Turbo Link  Version 7.00 Copyright (c) 1987, 1994 Borland International


Here is the image of the debugger session:



In other words: a classic crash. Please note: there are 2 missing stars inside the string, the entire console is damaged (must be closed via task manager), and last but not least the register dump indicates always a serious bug.

Quote from: japheth, September 23, 2010, 07:17:39 amIf I run b_ex1.bat and then launch the generated ex1.exe, it crashes as well.

That seems to me not quite right. If you've used TASM 4.1 or above, the application won't crash. That's tested. Check also the following thread inside the forum: http://www.masm32.com/board/index.php?topic=14887.0 You can find a screen shot of the program there, made by Antariy from scratch. It looks healthy. Of course, Antariy made it with the program and sources from the old archive, to say it clear.

Quote from: japheth, September 23, 2010, 07:17:39 amFor me it seems that there is a bug in your program.

Why not, nobody is perfect. In that case, it must be the same but "negative" bug in TASM or TLINK, which compensates my bug one to one (see the debug session above).

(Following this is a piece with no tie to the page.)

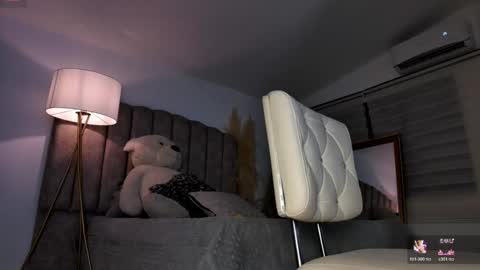  emily valentina     online show from February 2026 01:34:02 AM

Quote from: japheth, September 23, 2010, 07:17:39 amI did a brief test with FreeDOS DEBUGX ( it should be mentioned: I'm the maintainer of this tool) and quickly found the error. But I won't tell, ...

Sure. It's your decision to share your knowledge or not.

Just a few notes for other interested members. Please download only the archive PMShellDebug.zip. The main directory PMShellDebug contains of course the full unchanged source and the program, which will run and won't crash. The other 2 archives contain only the displayed screen shots above; so don't waste your band width by downloading that material. Any help and assistance is very welcome.

Gunther
Forgive your enemies, but never forget their names.

japheth

Quote from: Gunther on September 25, 2010, 12:40:47 AM
Quote from: japheth, September 23, 2010, 07:17:39 amIf I run b_ex1.bat and then launch the generated ex1.exe, it crashes as well.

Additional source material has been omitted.